Last Sunday I got to see a new side of Chiapas when we visited the headquarters of the closest one of five Zapatista Caracols, Oventic. ('Caracol' means snail and applies here to the largest groupings of Zapatista collectives in Chiapas.) In 1994, when NAFTA went into effect, groups of indigenous rebels, led by the erudite and famously non-indigenous Subcomandante Marcos and Comandantes Ramona, David and others. The Zapatistas managed to take the major cities of Ocosingo and San Cristobal, relinquishing them to army battles in later days. In peace talks, they managed to gain autonomy over their own lands and shaky control over certain natural resources. To this day, they survive without any support from the Mexican government, relying on money from NGO's and selling various handicrafts they make.
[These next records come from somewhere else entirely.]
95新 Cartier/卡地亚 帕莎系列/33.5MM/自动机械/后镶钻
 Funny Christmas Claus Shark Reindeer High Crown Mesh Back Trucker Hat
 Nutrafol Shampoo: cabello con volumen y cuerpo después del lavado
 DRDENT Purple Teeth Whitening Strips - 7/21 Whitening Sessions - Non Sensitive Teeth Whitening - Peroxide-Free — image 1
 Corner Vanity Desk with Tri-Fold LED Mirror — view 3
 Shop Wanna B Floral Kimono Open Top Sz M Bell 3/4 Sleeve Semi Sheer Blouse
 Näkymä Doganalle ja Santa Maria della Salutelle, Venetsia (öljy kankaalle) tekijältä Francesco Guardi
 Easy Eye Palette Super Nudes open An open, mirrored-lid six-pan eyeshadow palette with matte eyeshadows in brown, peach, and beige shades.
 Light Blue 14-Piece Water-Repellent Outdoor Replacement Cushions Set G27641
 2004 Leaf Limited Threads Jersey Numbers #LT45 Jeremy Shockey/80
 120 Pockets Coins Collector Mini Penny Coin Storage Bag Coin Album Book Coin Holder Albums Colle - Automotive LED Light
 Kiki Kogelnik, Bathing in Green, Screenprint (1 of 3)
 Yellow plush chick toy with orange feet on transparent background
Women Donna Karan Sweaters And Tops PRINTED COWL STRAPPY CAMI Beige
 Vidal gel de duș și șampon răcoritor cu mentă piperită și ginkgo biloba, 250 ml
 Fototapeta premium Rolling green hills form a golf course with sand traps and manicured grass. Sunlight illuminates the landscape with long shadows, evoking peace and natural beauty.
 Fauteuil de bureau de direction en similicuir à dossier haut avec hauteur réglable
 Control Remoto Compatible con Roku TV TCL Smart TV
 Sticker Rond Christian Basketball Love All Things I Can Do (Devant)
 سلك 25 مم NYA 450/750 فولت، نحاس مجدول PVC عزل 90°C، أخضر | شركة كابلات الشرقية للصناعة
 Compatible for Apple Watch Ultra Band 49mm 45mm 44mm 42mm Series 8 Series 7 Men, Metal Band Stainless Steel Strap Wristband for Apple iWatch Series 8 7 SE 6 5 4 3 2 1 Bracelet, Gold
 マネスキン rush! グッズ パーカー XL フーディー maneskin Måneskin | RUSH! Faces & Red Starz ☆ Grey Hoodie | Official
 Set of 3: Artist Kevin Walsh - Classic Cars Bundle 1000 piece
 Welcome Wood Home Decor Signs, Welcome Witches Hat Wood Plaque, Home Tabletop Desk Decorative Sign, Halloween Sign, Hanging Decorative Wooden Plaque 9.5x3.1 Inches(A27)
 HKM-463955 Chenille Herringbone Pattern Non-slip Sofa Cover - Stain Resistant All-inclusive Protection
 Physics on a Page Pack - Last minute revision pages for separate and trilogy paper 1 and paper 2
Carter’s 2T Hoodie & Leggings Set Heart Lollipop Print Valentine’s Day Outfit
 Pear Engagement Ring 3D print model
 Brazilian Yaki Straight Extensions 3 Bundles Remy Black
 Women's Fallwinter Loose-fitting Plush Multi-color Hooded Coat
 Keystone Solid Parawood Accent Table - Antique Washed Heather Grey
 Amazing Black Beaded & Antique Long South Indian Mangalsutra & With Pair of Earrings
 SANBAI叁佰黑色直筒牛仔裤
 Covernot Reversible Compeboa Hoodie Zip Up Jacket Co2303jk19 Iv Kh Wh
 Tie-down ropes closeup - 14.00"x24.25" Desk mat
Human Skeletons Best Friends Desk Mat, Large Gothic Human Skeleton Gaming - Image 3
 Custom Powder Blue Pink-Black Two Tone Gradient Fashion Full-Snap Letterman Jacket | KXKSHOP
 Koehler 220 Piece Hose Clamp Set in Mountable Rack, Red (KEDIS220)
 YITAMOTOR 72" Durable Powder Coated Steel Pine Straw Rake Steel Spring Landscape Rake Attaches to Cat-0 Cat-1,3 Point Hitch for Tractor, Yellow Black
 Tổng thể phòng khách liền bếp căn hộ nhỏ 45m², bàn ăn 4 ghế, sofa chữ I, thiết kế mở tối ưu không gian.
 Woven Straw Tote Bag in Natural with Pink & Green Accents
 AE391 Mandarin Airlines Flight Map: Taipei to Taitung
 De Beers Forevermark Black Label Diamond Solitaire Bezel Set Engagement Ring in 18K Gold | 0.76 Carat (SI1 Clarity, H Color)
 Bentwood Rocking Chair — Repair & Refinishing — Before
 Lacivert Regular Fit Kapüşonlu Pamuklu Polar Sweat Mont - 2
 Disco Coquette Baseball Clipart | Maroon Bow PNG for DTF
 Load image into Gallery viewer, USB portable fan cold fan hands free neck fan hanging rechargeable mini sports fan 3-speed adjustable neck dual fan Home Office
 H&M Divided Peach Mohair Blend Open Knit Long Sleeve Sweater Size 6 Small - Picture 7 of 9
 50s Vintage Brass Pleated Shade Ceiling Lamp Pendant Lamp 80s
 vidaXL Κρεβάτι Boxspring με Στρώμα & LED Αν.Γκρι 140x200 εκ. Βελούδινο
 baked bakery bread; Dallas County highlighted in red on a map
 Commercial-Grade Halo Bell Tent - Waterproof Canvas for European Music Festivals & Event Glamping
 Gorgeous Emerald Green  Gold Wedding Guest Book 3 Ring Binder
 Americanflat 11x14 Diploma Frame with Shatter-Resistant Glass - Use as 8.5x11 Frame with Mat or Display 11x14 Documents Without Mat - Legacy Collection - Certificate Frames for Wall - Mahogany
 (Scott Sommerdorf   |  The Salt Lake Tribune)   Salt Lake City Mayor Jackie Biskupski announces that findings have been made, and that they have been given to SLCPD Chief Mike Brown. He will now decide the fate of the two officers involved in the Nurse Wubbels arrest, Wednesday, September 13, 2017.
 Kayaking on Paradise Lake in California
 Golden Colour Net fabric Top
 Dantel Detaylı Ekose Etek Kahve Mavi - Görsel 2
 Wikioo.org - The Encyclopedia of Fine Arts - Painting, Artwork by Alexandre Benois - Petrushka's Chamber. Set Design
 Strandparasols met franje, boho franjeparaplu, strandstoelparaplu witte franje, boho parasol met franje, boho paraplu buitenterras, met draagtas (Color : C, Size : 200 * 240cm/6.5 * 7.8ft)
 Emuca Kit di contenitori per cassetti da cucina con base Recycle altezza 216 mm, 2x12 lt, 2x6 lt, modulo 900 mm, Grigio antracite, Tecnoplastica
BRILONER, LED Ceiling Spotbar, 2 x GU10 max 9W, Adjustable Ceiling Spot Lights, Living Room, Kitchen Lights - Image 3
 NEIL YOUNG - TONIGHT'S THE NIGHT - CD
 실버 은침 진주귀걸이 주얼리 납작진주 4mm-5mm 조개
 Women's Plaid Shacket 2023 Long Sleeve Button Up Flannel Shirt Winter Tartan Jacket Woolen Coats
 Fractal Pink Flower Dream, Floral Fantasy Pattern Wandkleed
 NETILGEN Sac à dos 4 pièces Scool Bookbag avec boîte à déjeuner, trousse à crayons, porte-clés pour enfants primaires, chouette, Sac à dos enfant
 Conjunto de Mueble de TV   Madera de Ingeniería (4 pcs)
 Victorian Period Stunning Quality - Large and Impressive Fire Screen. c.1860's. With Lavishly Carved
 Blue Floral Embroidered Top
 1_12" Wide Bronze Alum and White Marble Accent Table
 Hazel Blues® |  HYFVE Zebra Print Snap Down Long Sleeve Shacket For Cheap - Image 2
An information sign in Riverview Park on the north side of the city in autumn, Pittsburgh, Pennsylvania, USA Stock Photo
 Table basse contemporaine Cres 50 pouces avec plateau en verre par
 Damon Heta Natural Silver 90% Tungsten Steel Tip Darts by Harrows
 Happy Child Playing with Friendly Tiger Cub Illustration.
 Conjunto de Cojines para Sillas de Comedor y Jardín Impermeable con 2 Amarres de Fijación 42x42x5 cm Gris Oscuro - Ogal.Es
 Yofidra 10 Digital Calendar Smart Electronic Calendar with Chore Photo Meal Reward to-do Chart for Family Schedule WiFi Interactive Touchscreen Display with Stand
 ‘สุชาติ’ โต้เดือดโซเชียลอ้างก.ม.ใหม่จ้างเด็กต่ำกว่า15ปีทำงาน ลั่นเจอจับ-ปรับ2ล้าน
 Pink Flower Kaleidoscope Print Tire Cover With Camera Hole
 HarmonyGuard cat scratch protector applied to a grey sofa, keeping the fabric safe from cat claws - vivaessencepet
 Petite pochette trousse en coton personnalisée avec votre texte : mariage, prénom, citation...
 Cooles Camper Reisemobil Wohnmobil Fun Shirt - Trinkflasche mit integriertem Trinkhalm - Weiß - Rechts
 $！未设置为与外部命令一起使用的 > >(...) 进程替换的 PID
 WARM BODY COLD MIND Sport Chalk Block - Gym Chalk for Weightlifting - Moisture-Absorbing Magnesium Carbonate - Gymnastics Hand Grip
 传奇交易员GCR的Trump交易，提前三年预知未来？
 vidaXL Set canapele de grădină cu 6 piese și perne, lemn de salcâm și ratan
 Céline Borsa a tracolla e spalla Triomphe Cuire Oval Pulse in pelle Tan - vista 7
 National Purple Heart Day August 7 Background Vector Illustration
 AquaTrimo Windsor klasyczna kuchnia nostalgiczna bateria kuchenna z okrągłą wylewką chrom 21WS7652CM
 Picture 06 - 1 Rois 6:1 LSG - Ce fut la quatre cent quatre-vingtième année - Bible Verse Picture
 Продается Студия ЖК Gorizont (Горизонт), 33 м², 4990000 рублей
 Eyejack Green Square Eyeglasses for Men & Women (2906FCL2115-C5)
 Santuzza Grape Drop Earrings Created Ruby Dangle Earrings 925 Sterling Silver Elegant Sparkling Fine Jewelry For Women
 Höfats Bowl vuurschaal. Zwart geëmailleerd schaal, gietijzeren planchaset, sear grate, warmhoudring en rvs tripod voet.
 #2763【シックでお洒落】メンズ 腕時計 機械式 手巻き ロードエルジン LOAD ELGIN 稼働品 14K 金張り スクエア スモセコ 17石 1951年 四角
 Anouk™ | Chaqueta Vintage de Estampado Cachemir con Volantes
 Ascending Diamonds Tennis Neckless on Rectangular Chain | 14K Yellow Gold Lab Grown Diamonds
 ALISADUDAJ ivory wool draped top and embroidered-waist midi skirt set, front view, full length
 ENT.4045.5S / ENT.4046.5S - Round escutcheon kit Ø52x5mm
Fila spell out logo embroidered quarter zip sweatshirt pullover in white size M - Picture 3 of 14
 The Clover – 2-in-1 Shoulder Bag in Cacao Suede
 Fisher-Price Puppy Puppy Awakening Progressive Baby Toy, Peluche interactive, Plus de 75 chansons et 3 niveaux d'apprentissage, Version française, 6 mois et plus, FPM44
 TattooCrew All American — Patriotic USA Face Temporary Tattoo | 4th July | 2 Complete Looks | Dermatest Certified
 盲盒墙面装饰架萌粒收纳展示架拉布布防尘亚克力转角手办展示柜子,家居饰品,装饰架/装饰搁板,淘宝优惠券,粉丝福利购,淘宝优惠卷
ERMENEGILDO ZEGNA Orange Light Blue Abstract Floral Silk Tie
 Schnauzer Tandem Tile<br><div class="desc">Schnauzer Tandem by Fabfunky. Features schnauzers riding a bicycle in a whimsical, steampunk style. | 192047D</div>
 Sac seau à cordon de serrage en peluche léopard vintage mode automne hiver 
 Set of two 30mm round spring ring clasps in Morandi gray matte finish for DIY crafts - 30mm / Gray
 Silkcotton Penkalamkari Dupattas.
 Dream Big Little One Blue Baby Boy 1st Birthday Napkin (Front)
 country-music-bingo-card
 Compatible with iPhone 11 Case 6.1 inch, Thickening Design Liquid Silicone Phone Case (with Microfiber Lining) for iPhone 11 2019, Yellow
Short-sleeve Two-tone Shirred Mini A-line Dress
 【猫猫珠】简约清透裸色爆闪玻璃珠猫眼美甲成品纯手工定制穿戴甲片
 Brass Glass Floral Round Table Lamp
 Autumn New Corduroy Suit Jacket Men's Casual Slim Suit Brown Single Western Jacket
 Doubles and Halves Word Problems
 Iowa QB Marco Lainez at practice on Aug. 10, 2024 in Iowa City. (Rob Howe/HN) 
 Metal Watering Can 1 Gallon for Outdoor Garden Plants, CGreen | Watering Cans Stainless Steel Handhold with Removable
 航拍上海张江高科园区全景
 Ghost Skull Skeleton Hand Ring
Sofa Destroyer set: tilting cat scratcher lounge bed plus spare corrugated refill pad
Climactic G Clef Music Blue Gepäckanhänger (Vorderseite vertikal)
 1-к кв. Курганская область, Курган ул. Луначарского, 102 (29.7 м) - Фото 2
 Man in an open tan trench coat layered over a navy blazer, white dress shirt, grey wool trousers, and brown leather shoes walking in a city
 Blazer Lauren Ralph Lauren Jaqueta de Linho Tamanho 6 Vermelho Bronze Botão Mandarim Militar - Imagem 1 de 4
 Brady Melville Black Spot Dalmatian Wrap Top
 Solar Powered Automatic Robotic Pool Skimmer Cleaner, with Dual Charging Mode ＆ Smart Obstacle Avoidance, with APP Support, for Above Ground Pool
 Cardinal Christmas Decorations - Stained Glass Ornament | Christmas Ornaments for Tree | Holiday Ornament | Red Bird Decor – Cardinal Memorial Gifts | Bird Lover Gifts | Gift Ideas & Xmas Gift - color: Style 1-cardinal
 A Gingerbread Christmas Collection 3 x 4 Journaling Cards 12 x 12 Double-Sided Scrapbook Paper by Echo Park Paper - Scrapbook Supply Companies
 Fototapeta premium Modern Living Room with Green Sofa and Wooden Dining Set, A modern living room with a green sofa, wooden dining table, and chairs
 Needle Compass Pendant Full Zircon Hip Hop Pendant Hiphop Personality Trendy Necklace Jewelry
Since Oventic was established after the nineties uprisings as a new center in a swathe of agricultural lands, it is somewhat small and lacking in life. At the gate we were greeted by a small woman with a bandana covering her nose and mouth. She took our id's and came back to lead us into an office where three ski-masked men bumbled over some forms that were our "permits". We ended up behind the desk of another ski-masked man who sermonized to us about the Zapatista tenets of Marxism, and anti neo-liberalism and capitalism. It was all in Spanish, but I managed to get his gist since Spanish was his second language (after the indigenous language that was his mother tongue) and he spoke in sweeping generalities about his egalitarian and purist ideals. He got a bit muddled when we asked him specific questions about places and technology, and it became a bit creepy to be paying such rapt attention to a man whose mouth was merely a bulge under a black ski mask. Afterwards we took a walk around the village. We were not allowed to photograph people or vehicles, but I took pictures of some incredible murals decorating the buildings there.